Des sources proches de son conseil rapportent qu'il était porté par deux gendarmes pour se déplacer au sein du tribunal avant même son arrestation à Douala, d'où il s'est retrouvé à Yaoundé après un long voyage difficile. Ce septuagénaire souffre de problèmes respiratoires. Il a d'abord été incarcéré au Secrétariat d'État à la défense (SED) avant d'être convoqué pour comparution au tribunal militaire.

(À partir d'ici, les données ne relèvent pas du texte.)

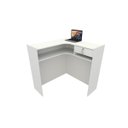 Ver imagem 2 de Balcão caixa L (atendimento, loja, mercado, organizador)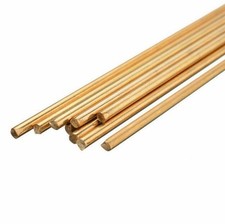 Superior Brass Brazing Rods for Steel and Gray Cast Iron Welding 10PCS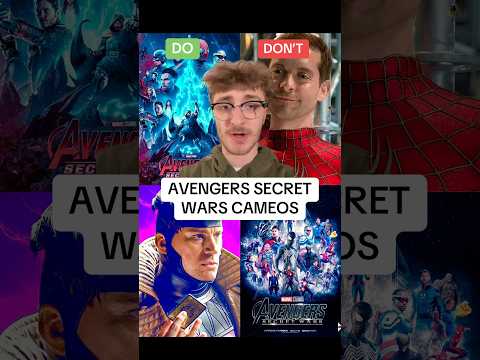 AVENGERS SECRET WARS CAMEOS‼️🤯 #marvel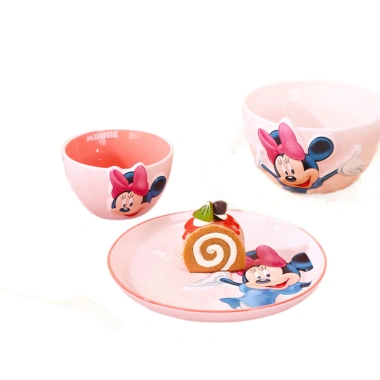 Bát Nổi Disney Mickey cho Trẻ Em Hình Vịt Donald Đĩa Mì Sáng Tạo An Toàn Chất Liệu Cao Cấp Dễ Vệ Sinh Màu Sắc Rực Rỡ Thích Hợp Bữa Ăn Giá Ưu Đãi 148.500 VND
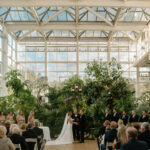 Athens Botanical Gardens Wedding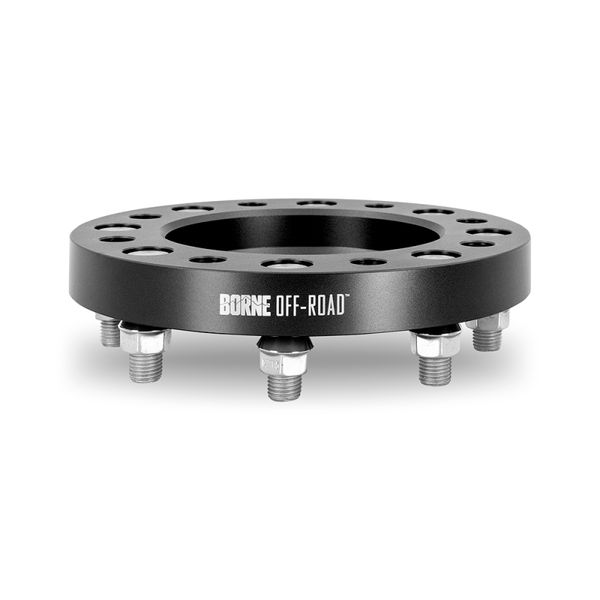 Borne Off-Road Wheel Spacers 8x165.1 116.7 25 M14 Black brnBNWS-008-250BK WO店_3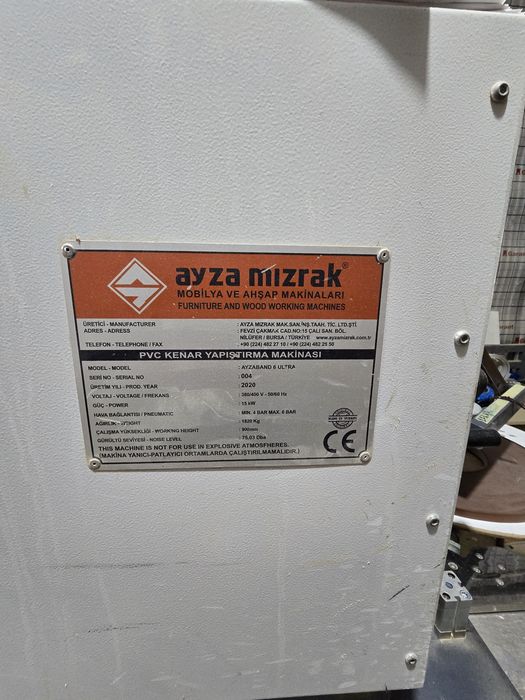 Kromka stanok mebelni AYZABAND 6 ultra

Cette audience ne fait que refléter, dit le journal Héraut National, une situation postélectorale tumultueuse au Cameroun où une vague d'arrestations a touché de nombreux opposants politiques. Selon des informations fournies par Maître Hippolyte Méli, conseil d'Anissé-Ekane, son client a été sorti brutalement du centre de la gendarmerie. Une action qui illustre la tension croissante entre les autorités judiciaires et les opposants politiques.

Le climat actuel au Cameroun est marqué par une prise postélectorale où les voix dissidentes sont de plus en plus réprimées. Les 71 autres détenus au Secrétariat d'État à la défense, dont 45 ont déjà été entendus par le commissaire du gouvernement, témoignent de l'ampleur de cette situation. Avec 26 autres auditions prévues ce lundi 3 novembre 2025, la situation continue d'évoluer, plongeant le pays dans une incertitude politique grandissante.

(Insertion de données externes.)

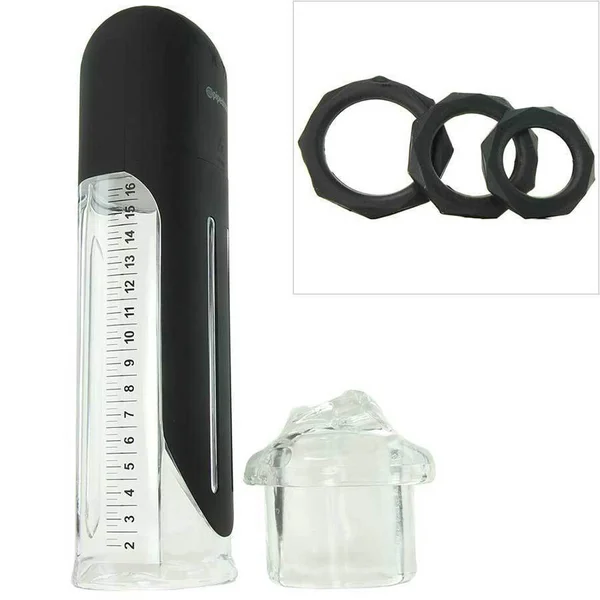 PDX Elite Blowjob Power Pump | Automatic Sucking Penis Pump for Men — image 10 of 12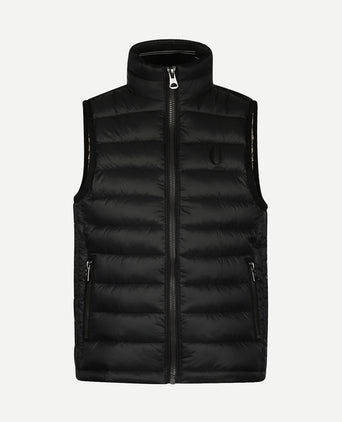 Quote Bodywarmer Kids | Black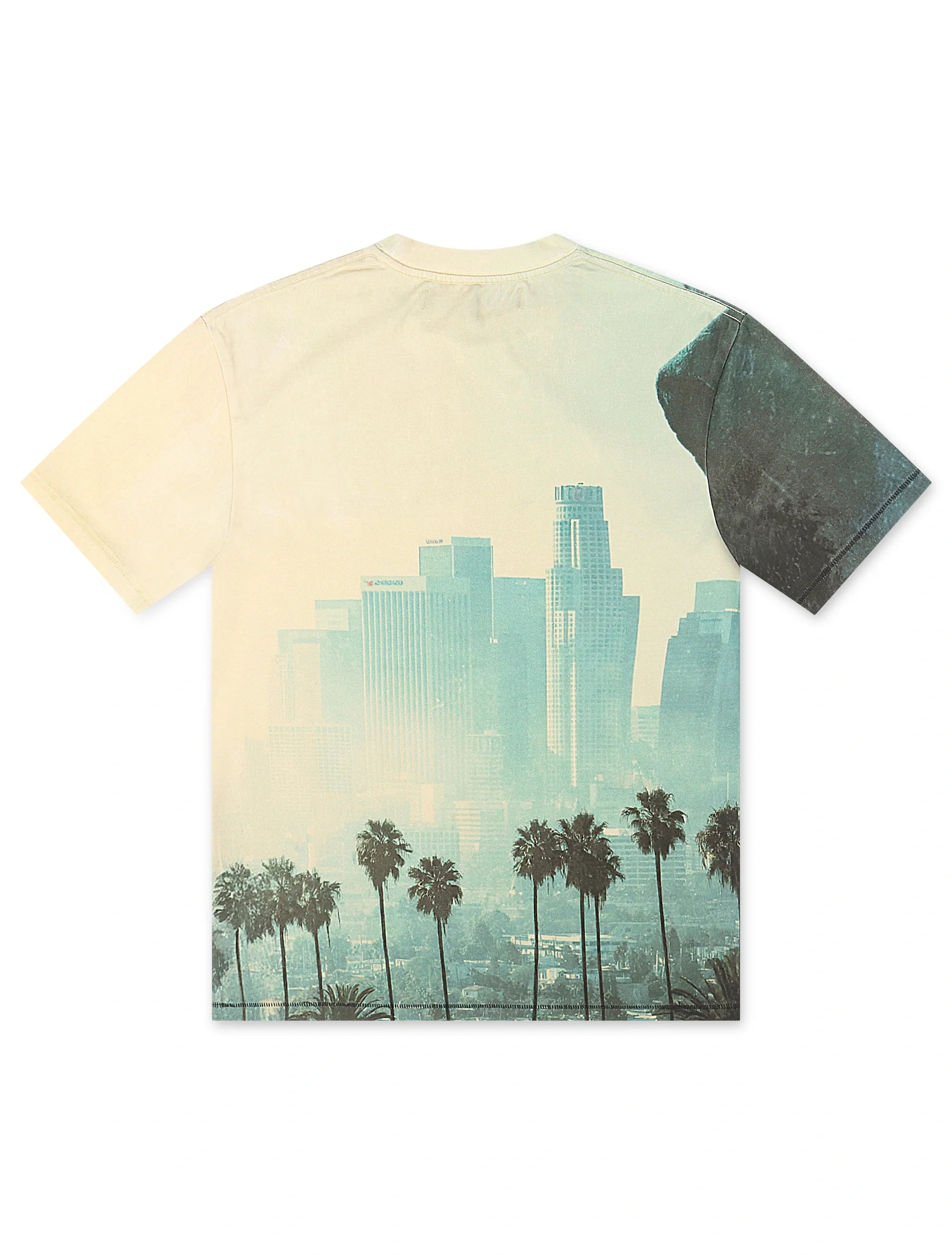 Memory Lane Reaper City Tee - Sage by Denim Exchange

Dites-nous, vous étiez au tribunal militaire le 31 octobre dernier. Qu'est-ce qui s'est réellement passé, Maitre Alain Ndam?

Me AN : Oui, nous étions au tribunal militaire le 31 octobre, ce vendredi, et c'est avec la larme à l'œil que nous avons assisté à l'audition, si on peut l'appeler ainsi, du président du MANIDEM. Mais il n'était pas la seule cible de notre déplacement, parce que Défense citoyenne, c'est un collectif d'avocats qui, devant les injustices, devant les arrestations qui se sont multipliées, devant les procédures, devant les délits de faciès, ont décidé de se mettre ensemble pour assister tous ceux-là qui se retrouveraient devant les tribunaux, qui seraient en état d'arrestation, qui devraient faire face à une arrestation.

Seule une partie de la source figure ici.